Problem to solve: Would you print the records below without changing anything?

Extracted records:
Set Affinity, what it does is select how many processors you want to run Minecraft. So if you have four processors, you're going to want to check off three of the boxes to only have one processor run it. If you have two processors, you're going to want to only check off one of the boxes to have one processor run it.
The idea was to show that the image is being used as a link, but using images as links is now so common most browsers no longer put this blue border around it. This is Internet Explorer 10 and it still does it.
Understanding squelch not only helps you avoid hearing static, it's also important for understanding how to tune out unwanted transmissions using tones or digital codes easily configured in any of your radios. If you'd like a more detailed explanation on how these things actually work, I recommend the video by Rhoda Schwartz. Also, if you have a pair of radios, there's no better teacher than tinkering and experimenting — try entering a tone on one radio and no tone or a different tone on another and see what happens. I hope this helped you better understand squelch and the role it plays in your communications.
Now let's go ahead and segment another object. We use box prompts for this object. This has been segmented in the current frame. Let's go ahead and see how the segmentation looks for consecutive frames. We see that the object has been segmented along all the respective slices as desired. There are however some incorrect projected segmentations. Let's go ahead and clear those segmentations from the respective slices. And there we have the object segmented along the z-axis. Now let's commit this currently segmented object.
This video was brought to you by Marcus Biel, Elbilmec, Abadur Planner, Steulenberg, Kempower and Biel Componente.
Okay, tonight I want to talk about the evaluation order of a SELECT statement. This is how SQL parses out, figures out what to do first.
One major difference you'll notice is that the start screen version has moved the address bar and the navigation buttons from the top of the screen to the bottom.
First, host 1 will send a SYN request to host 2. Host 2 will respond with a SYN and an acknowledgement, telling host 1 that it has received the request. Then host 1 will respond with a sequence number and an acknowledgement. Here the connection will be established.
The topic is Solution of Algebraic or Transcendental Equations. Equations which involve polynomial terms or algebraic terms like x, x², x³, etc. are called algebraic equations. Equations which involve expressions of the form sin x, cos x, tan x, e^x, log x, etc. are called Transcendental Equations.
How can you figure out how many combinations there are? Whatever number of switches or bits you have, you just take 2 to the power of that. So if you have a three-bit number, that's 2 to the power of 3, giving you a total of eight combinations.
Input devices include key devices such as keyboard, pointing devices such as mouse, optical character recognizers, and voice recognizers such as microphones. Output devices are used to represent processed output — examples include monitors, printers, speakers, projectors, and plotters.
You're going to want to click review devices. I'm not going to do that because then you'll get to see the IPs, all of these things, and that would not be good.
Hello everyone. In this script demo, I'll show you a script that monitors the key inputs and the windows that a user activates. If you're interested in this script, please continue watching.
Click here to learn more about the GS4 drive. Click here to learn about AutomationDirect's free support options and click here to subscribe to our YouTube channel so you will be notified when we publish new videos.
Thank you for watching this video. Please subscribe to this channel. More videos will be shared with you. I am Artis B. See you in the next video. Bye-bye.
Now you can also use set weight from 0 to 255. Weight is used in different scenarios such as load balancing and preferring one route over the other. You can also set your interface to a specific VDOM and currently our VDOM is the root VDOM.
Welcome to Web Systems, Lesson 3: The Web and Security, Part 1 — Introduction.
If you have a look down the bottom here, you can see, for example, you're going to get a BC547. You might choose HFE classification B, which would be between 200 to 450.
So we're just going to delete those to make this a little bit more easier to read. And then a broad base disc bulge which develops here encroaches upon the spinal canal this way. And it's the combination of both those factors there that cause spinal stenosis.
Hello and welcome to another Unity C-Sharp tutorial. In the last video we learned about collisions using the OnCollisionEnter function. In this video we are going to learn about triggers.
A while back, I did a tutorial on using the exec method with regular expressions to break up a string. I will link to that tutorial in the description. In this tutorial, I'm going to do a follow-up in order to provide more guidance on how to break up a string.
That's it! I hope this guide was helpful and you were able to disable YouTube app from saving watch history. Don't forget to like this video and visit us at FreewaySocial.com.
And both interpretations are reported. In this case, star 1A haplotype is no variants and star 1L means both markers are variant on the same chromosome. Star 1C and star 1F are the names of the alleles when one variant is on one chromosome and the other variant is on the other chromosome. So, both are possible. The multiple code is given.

Solution to this task:
Set Affinity, what it does is select how many processors you want to run Minecraft. So if you have four processors, you're going to want to check off three of the boxes to only have one processor run it. If you have two processors, you're going to want to only check off one of the boxes to have one processor run it.
The idea was to show that the image is being used as a link, but using images as links is now so common most browsers no longer put this blue border around it. This is Internet Explorer 10 and it still does it.
Understanding squelch not only helps you avoid hearing static, it's also important for understanding how to tune out unwanted transmissions using tones or digital codes easily configured in any of your radios. If you'd like a more detailed explanation on how these things actually work, I recommend the video by Rhoda Schwartz. Also, if you have a pair of radios, there's no better teacher than tinkering and experimenting — try entering a tone on one radio and no tone or a different tone on another and see what happens. I hope this helped you better understand squelch and the role it plays in your communications.
Now let's go ahead and segment another object. We use box prompts for this object. This has been segmented in the current frame. Let's go ahead and see how the segmentation looks for consecutive frames. We see that the object has been segmented along all the respective slices as desired. There are however some incorrect projected segmentations. Let's go ahead and clear those segmentations from the respective slices. And there we have the object segmented along the z-axis. Now let's commit this currently segmented object.
This video was brought to you by Marcus Biel, Elbilmec, Abadur Planner, Steulenberg, Kempower and Biel Componente.
Okay, tonight I want to talk about the evaluation order of a SELECT statement. This is how SQL parses out, figures out what to do first.
One major difference you'll notice is that the start screen version has moved the address bar and the navigation buttons from the top of the screen to the bottom.
First, host 1 will send a SYN request to host 2. Host 2 will respond with a SYN and an acknowledgement, telling host 1 that it has received the request. Then host 1 will respond with a sequence number and an acknowledgement. Here the connection will be established.
The topic is Solution of Algebraic or Transcendental Equations. Equations which involve polynomial terms or algebraic terms like x, x², x³, etc. are called algebraic equations. Equations which involve expressions of the form sin x, cos x, tan x, e^x, log x, etc. are called Transcendental Equations.
How can you figure out how many combinations there are? Whatever number of switches or bits you have, you just take 2 to the power of that. So if you have a three-bit number, that's 2 to the power of 3, giving you a total of eight combinations.
Input devices include key devices such as keyboard, pointing devices such as mouse, optical character recognizers, and voice recognizers such as microphones. Output devices are used to represent processed output — examples include monitors, printers, speakers, projectors, and plotters.
You're going to want to click review devices. I'm not going to do that because then you'll get to see the IPs, all of these things, and that would not be good.
Hello everyone. In this script demo, I'll show you a script that monitors the key inputs and the windows that a user activates. If you're interested in this script, please continue watching.
Click here to learn more about the GS4 drive. Click here to learn about AutomationDirect's free support options and click here to subscribe to our YouTube channel so you will be notified when we publish new videos.
Thank you for watching this video. Please subscribe to this channel. More videos will be shared with you. I am Artis B. See you in the next video. Bye-bye.
Now you can also use set weight from 0 to 255. Weight is used in different scenarios such as load balancing and preferring one route over the other. You can also set your interface to a specific VDOM and currently our VDOM is the root VDOM.
Welcome to Web Systems, Lesson 3: The Web and Security, Part 1 — Introduction.
If you have a look down the bottom here, you can see, for example, you're going to get a BC547. You might choose HFE classification B, which would be between 200 to 450.
So we're just going to delete those to make this a little bit more easier to read. And then a broad base disc bulge which develops here encroaches upon the spinal canal this way. And it's the combination of both those factors there that cause spinal stenosis.
Hello and welcome to another Unity C-Sharp tutorial. In the last video we learned about collisions using the OnCollisionEnter function. In this video we are going to learn about triggers.
A while back, I did a tutorial on using the exec method with regular expressions to break up a string. I will link to that tutorial in the description. In this tutorial, I'm going to do a follow-up in order to provide more guidance on how to break up a string.
That's it! I hope this guide was helpful and you were able to disable YouTube app from saving watch history. Don't forget to like this video and visit us at FreewaySocial.com.
And both interpretations are reported. In this case, star 1A haplotype is no variants and star 1L means both markers are variant on the same chromosome. Star 1C and star 1F are the names of the alleles when one variant is on one chromosome and the other variant is on the other chromosome. So, both are possible. The multiple code is given.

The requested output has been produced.